#### EXERCISE BRIEF
The copy should begin at the line containing "Thyroid cancer cells." and end with the last line below, every line exact and no picture included.

[Short text fragments from websites]
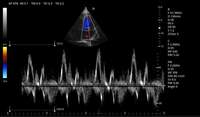 AMAIN Vet Machine à ultrasons Doppler couleur de haute qualité avec système d'échographie vétérinaire en mode PW pour animaux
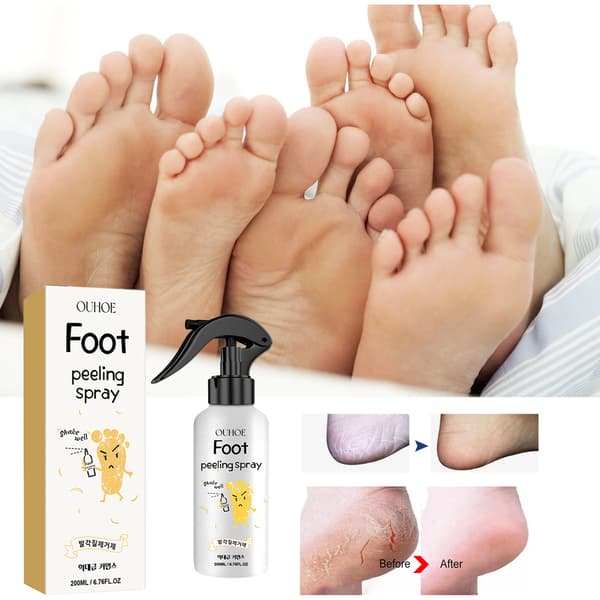 Soft Feet Solution Jalkahoitosuihke - 200ml Puhdistaa ja kosteuttaa hellävaraisesti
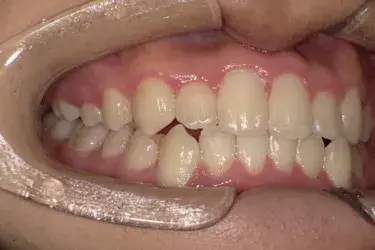 After Image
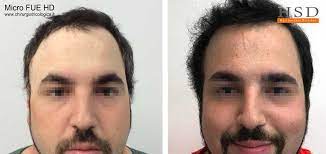 Descrizione, costi, foto prima e dopo. Trapianto Capelli Torino Tecnica E Costi Dell Alta Densita Hsd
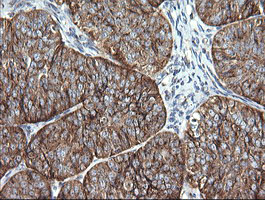 Immunohistochemical staining of paraffin-embedded Adenocarcinoma of Human ovary tissue using anti-VTI1A mouse monoclonal antibody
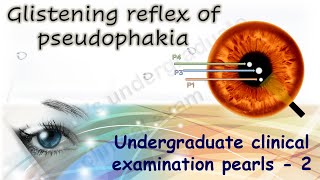 Glistening reflex in pseudophakia Undergraduate Clinical Examination Pearls 2 [upl. by Asyral38]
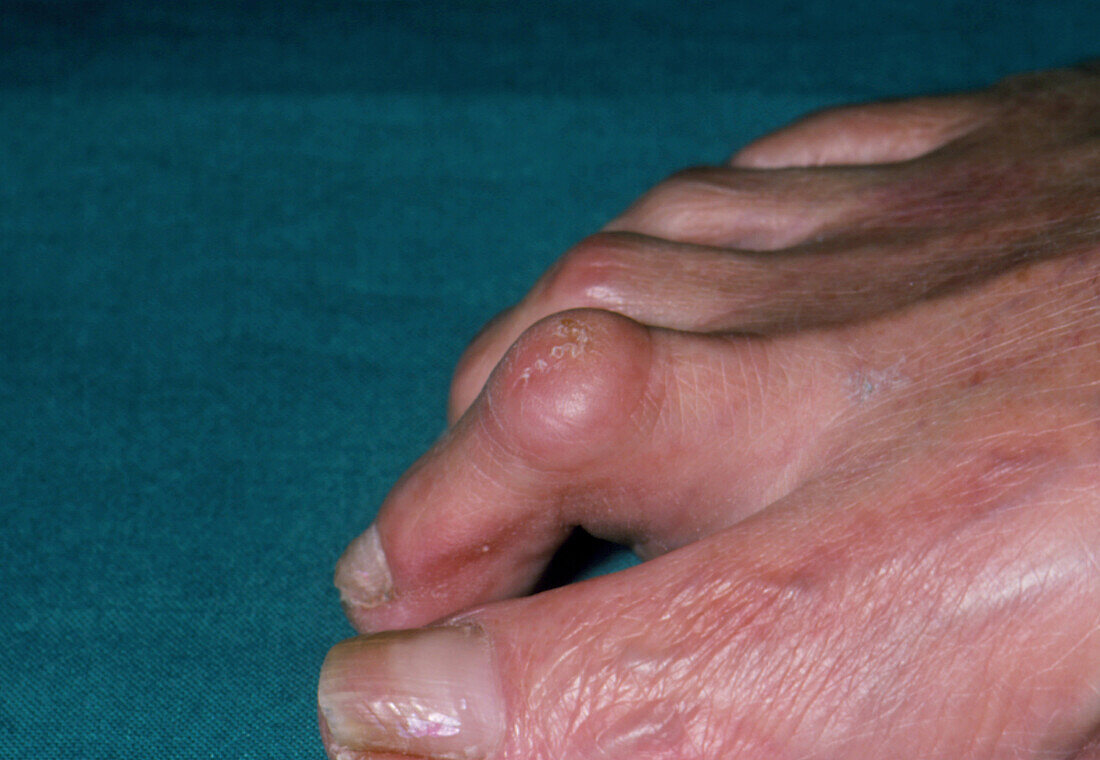 Hammer toe: deformity of second toe with corns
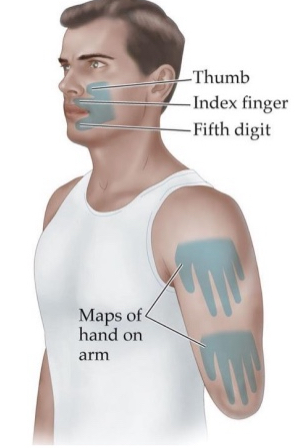 <ul><li><p>Perceived sensation from a physically amputated limb of the body</p></li><li><p>Phantom pain</p><ul><li><p>If someone looses a hand, and you touch their shoulder, they’ll feel like their hand is still being touched. That suggests that those paths in S1 that used to respond to hand now respond to shoulder. But they still have the memory of being responsive to the hand</p></li></ul></li><li><p>Parts of brain “listening” to missing limbs not fully “aware” of altered connections, so they attribute activity in these areas to stimulation from missing limb</p></li><li><p>Mirror “re-instates” complete body</p></li><li><p>Sometimes turn into phantom pain. If you have a cramp in foot you can stretch and get rid of it. But a person who’s foot is gone can’t do that</p><ul><li><p>Mirror therapy for phantom pain</p></li></ul></li></ul><p></p>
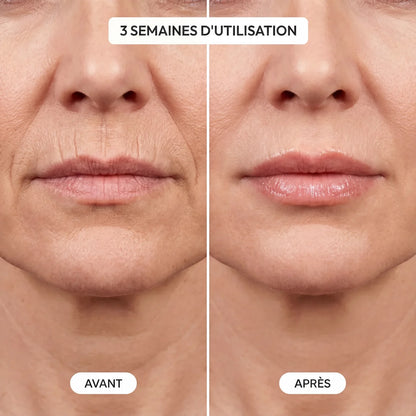Kit LipBoost - Microneedling Lèvres Neociel™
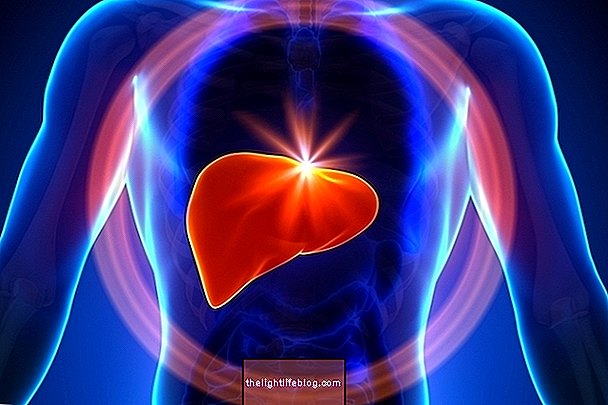 Liver tumor: what it is, symptoms and how treatment is done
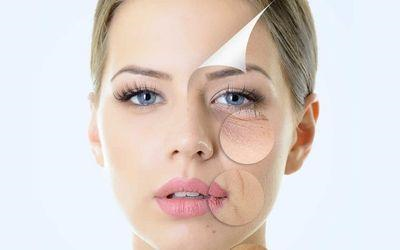 Tiêm Profhilo phù hợp với làn da bắt đầu giảm độ ẩm, đàn hồi và xuất hiện những dấu hiệu lão hóa sớm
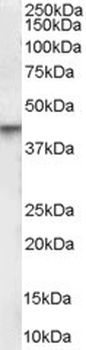 Adenosine A2 beta Receptor Antibody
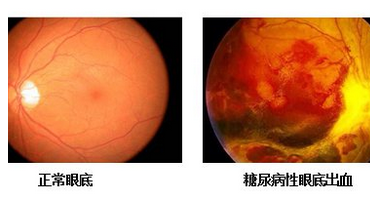 哪些人不能用芪明顆粒，糖尿病視網膜病變服藥注意
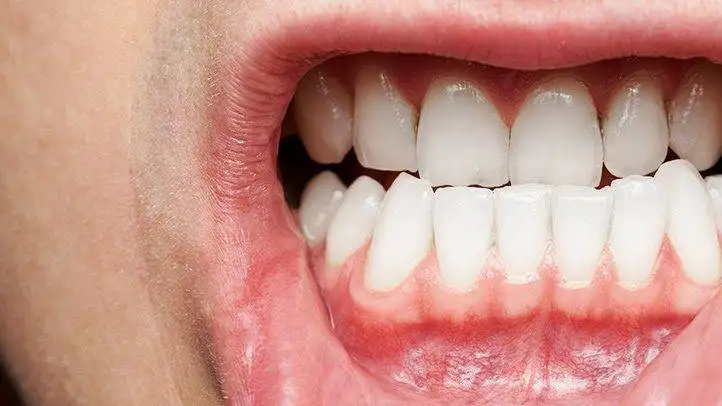 Expert Root Canal Treatment in Chennai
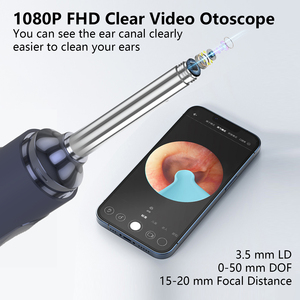 Vente en gros de nettoyeur d'oreille endoscopique pour bébé adulte Nettoyeur d'oreille visuel intelligent sans fil Otoscope Outil de retrait de cire d'oreille avec caméra - Product Image 5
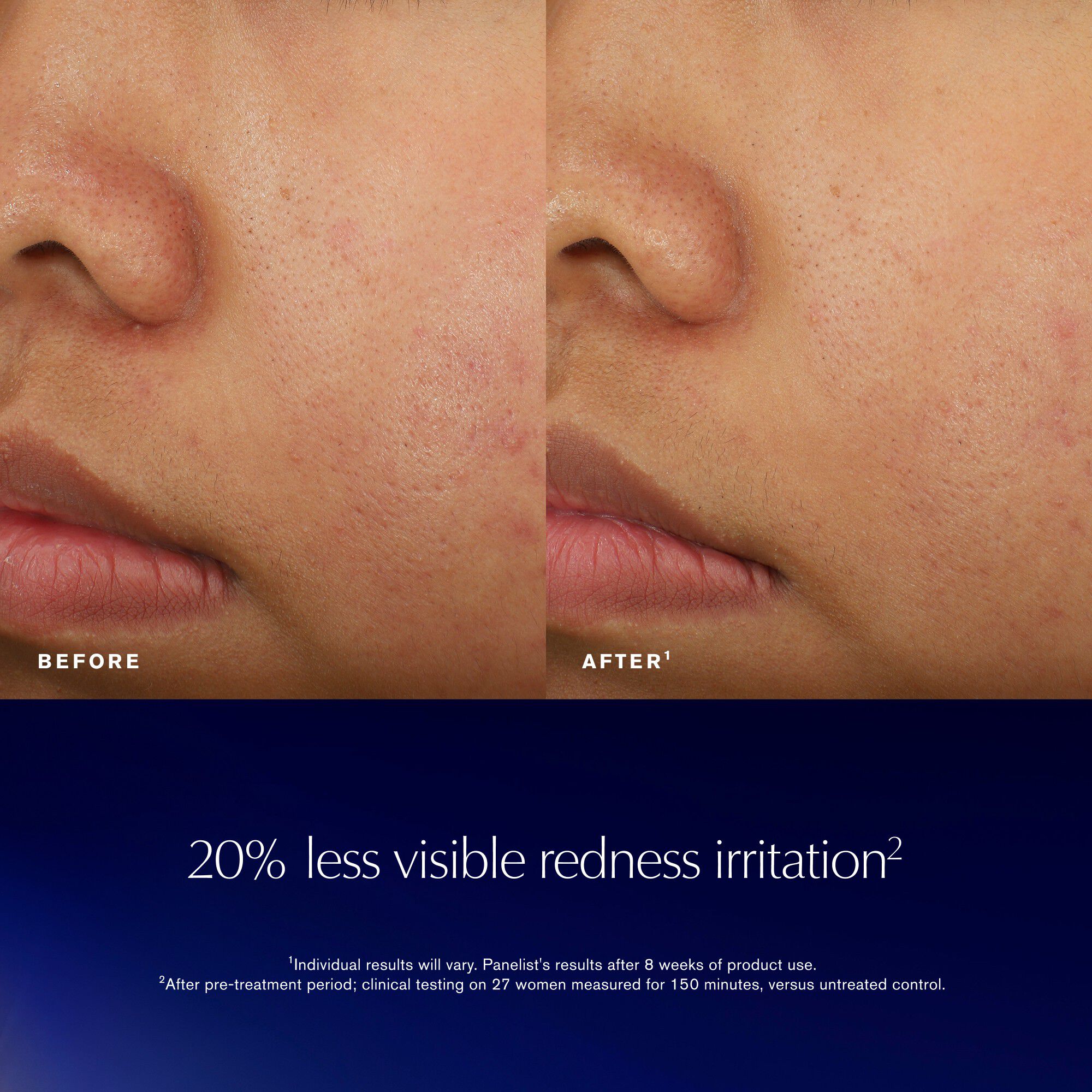 Advanced Night Repair Recovery Treatment Essence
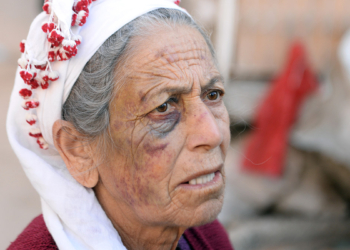 Evine giren gaspçıdan dakikalarca dayak yedi
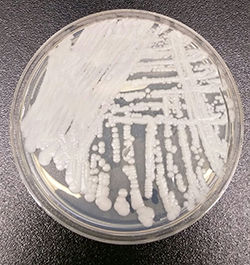 Candida-auris_2016-250px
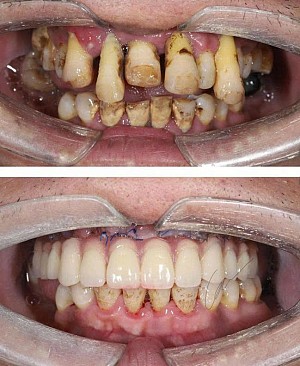 “Ở tuổi 68, tôi chỉ mong ăn được bữa cơm ngon…” – Hành trình tìm lại răng đã mất của cô Lê Thị Lan tại Hanseoul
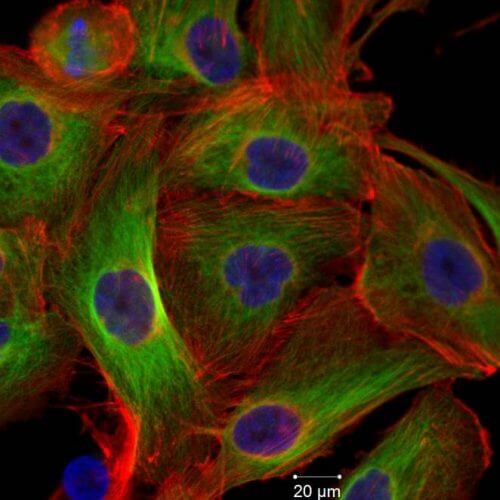 Thyroid cancer cells. Source: NASA / Team Daniela Grimm.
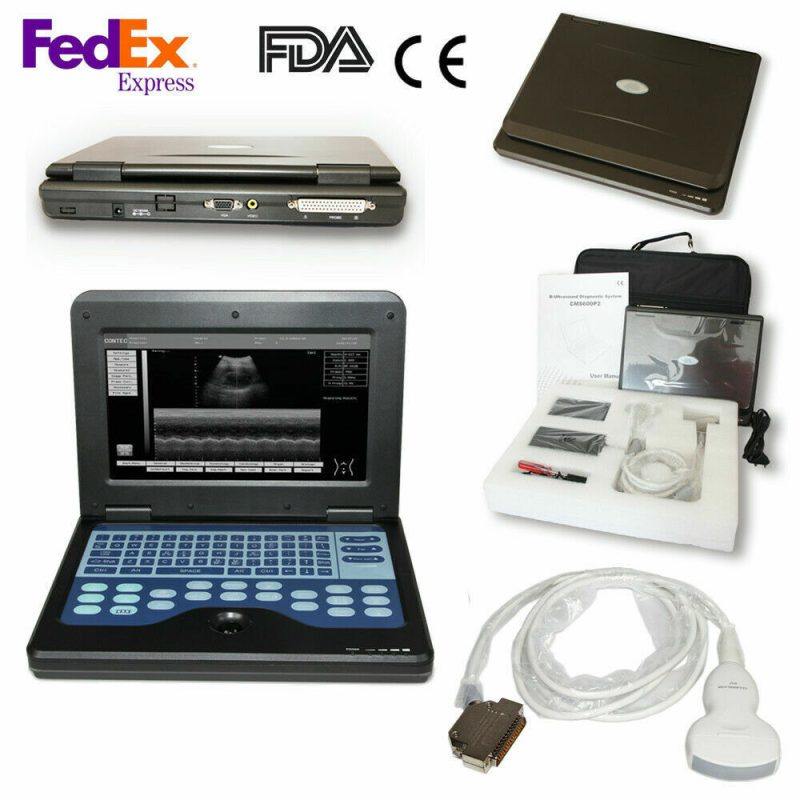 Portable laptop machine Digital Ultrasound scanner, 3.5 Convex probe,USA FedEx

#### RESPONSE BELOW
 Thyroid cancer cells. Source: NASA / Team Daniela Grimm.
 Portable laptop machine Digital Ultrasound scanner, 3.5 Convex probe,USA FedEx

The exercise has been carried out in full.